For the Christian in particular, art can be experienced as an analogical signpost bearing witness to the Author of all that is beautiful. As human beings, we care about beauty and the arts because our Creator God is beautiful and is the source of all beauty (Pss. 27:4, 50:2). Moreover, in creation, God intentionally fashioned our world as an artist—a divine artist who benevolently chose to endow our earthly experience with beauty (see Rom. 1:20). As an act of self-disclosure, creation itself declares the beauty of God (Ps. 19:1). In the creation of art, the artist mimics the creative work of God in disclosing a particular viewpoint of the world to be apprehended by the viewer. The interaction between the artist and the audience is that of mutual consent.
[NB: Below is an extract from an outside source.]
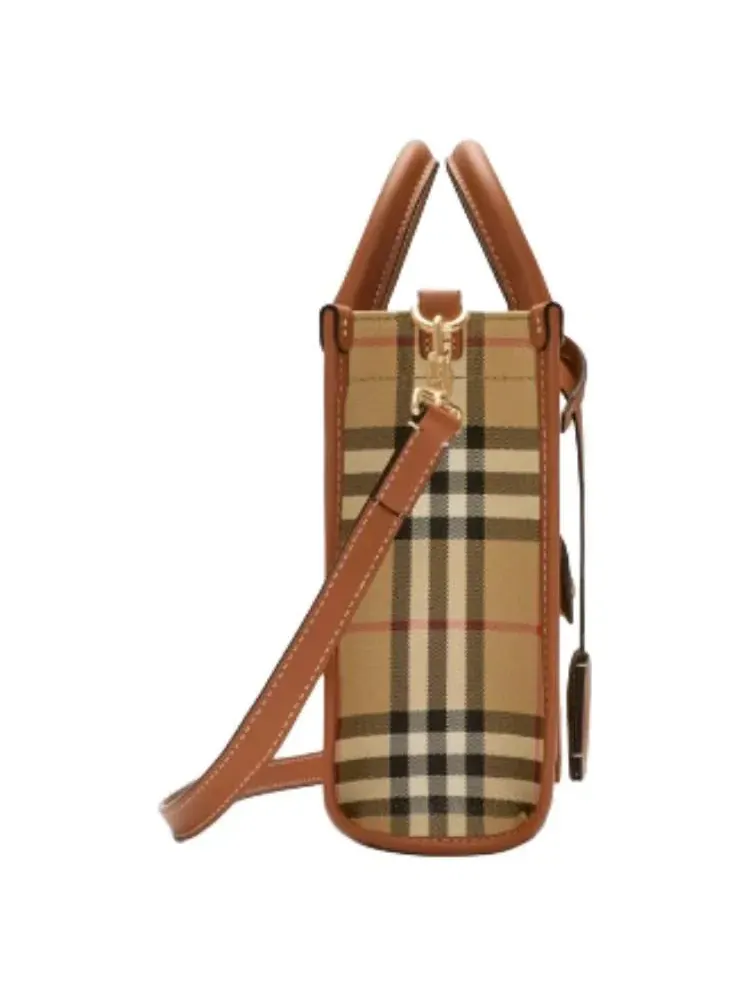 Сумка Burberry Mini Freya Tote Archive Beige/Briar Brown — изображение 3 из 5, бежевый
There is something to be communicated, and art is the vehicle of communication.
Throughout human history, the arts have played a significant role in man’s effort to build a meaningful world. One could argue that the history of civilization can be traced through the arts. Nicholas Wolterstorff argued that the act of creating beautiful things involves the presentation of an alternative world or worldview to be considered by its audience. Implicit in this idea is that beautiful things stand between the artist and the audience and communicate by evoking emotion, conveying truth, and illuminating human experience. The best of art is, among other things, presented for contemplation. Art is a place where meaning can be created, explored, and discovered.
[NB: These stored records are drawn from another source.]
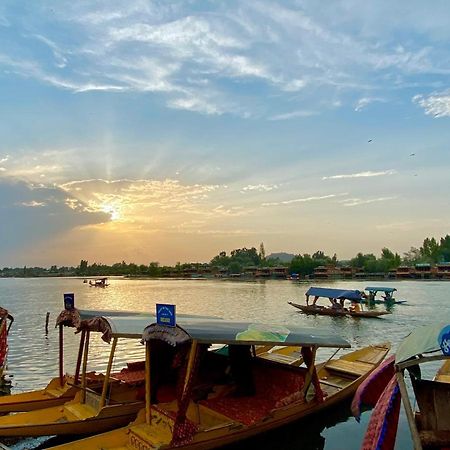 Green Paradise Houseboat - Centrally Heated Srīnagar Exterior foto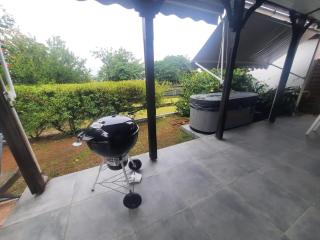 5 min plage T2 avec Jacuzzi pour Retraités ou Jeune couple - 4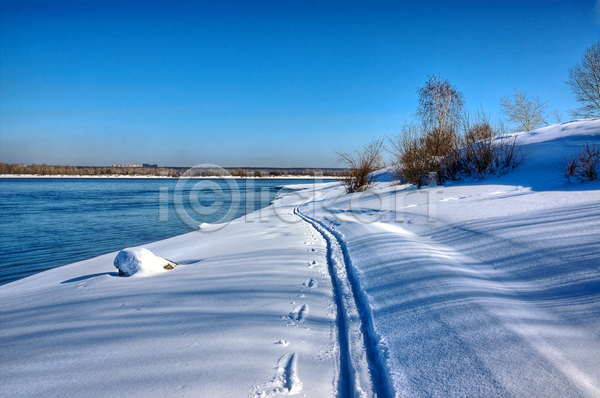 추위 사람없음 JPG 포토 해외이미지 겨울 계절 구름(자연) 그림 러시아 밭 서리 자연 풍경(경치) 하늘 해외202004 흰색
At the same time, art is to be discerned. In Acts 17, when Paul was confronted with the idolatrous art of Athens, he became deeply distressed and pointed them to the one true God in whom all of their longings could be met. In examining the things that their artists had created, Paul was able to exegete their culture and uncover the deep desires of their hearts. One principle implicit in this Acts 17 exchange is the truth that art helps cultivate the ability to discern a deeper sense of our human existence and experience. Art allows us to transcend ourselves and see things as they are from different perspectives, thus enabling us to find common ground for interaction. Art, therefore, inclines us to respond more sensitively to the world around us for the purpose of understanding. When specific pieces of art, music, and literature resonate with the masses, it should provoke our attention and study.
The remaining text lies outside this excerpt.